Blogs feel rather more clear-cut to me; it seems incontrovertible that a blog in my own name is equivalent to 'speaking in public'. So, if I slip and inadvertently express an opinion on a matter of national political controversy, rest assured that it's a mistake. Of course, to some extent this is a front; I have little urge to write about political subjects in any case. On subjects other than my speciality, my intellectual deficiencies are too painfully obvious to me. When the argument moves into my field, I struggle both with the difficulty of making cogent points that can be understood by somebody who's never studied the area, and the need to not talk about things that are not public knowledge, such as proposals under development or not-yet-published research.
So what do I want to write about? Well, clearly short essays on subjects that interest or trouble me, but that aren't political. Mail order, for example.
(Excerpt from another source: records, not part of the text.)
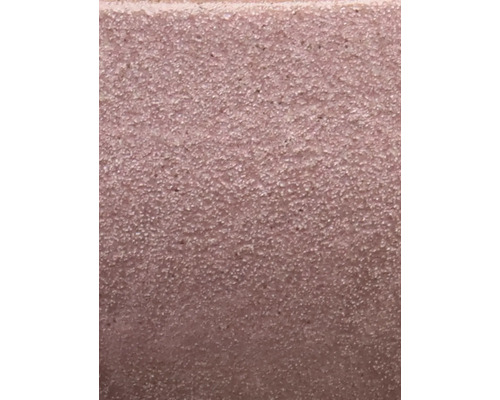 Närbild av en betongsten med grov yta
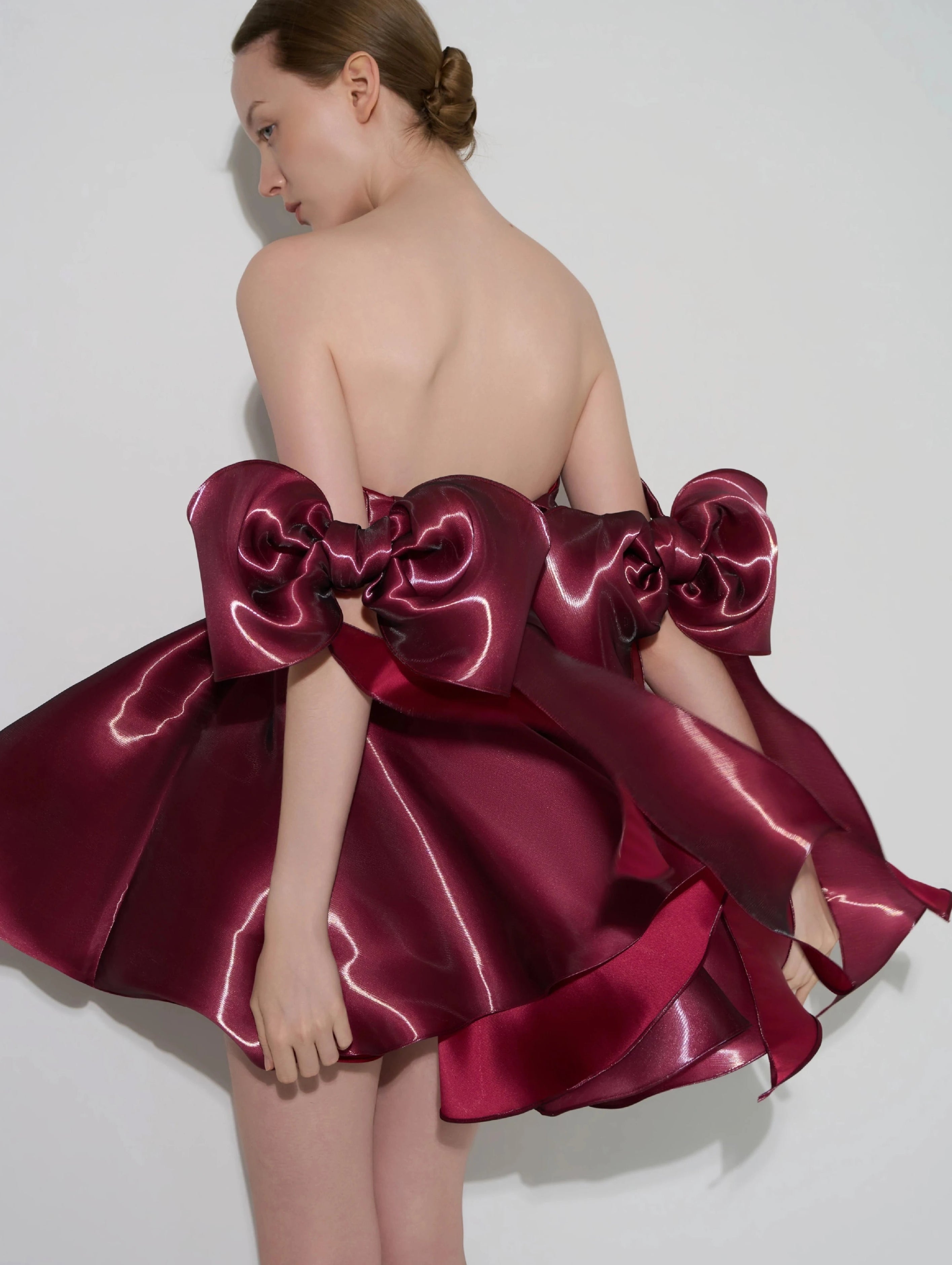 A model shown from the back wearing a strapless formal dress with oversized bow details and a voluminous draped skirt in deep burgundy satin against a light gray studio background.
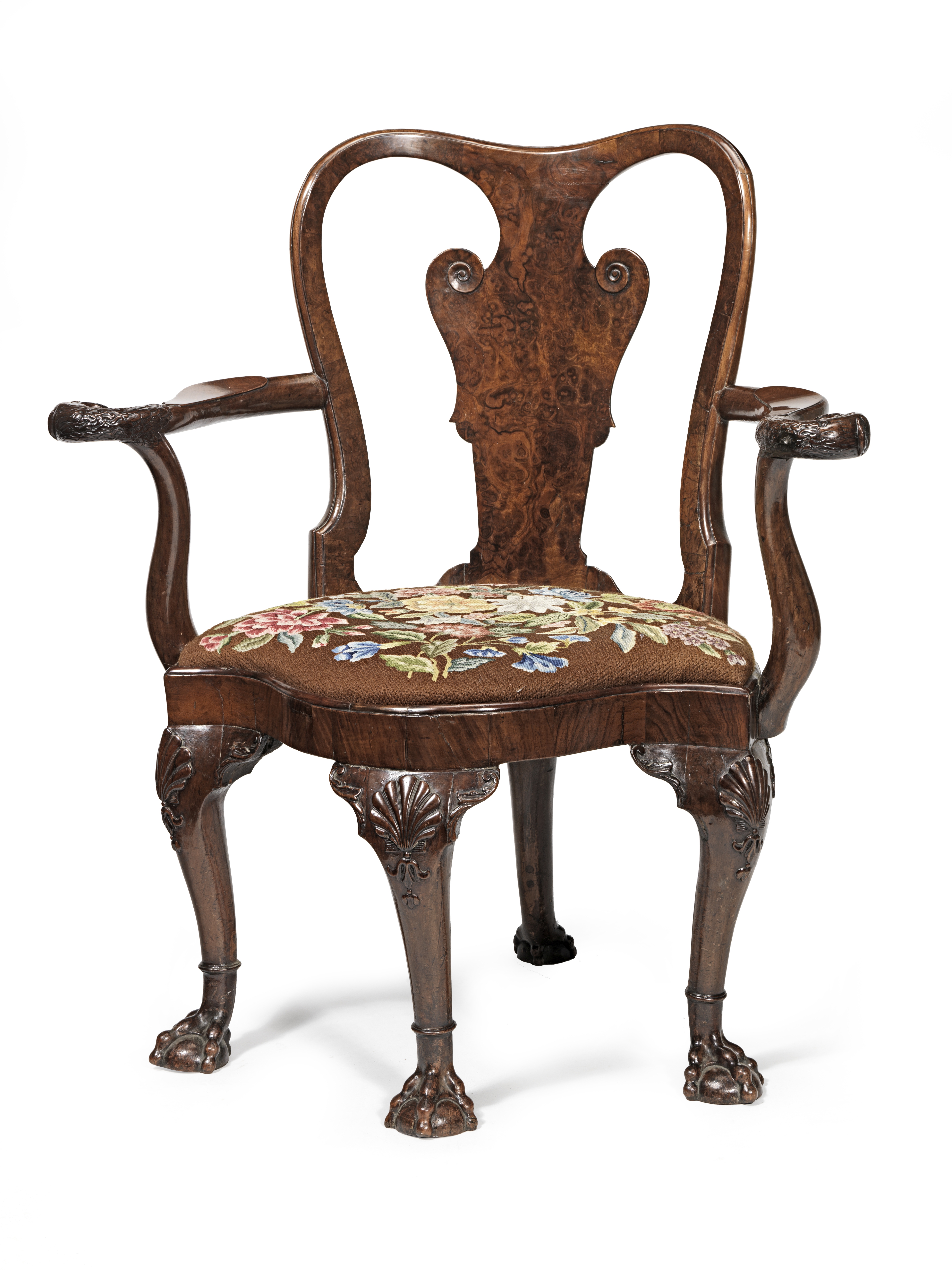 A George I carved and figured walnut corner or 'writing' armchair in the manner of William Hallett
But reading Pepys, I wonder if I should also record the minutiae of my day:
Saturday was fine and cold, and we drove with some difficulty to Croydon. The entirety of South London is covered with roadworks. We gathered up Mike Scott and went to the best Indian restaurant in an undistinguished Croydon suburb. There we met Mark and Claire Fishlifter, and Pat McMurray, who eat there so often that they have a loyalty card. We had a cheerful, rambly conversation. Back to Mike's, who showed me Weather Pop, a menu extra for those of us who are so computer bound we never look out of the window. We watched Princess Mononoke, ate a very small supper, and then drove home while Marianne quizzed us thoroughly on the motivations of characters. "Why does the Great Forest Spirit become the Night Walker?" On arriving home I chatted with Damien Warman, who was resting before going out to a Thai restaurant. We marvelled at Safari, now with an updated beta. And so to bed, though not till about 2am, which was very foolish.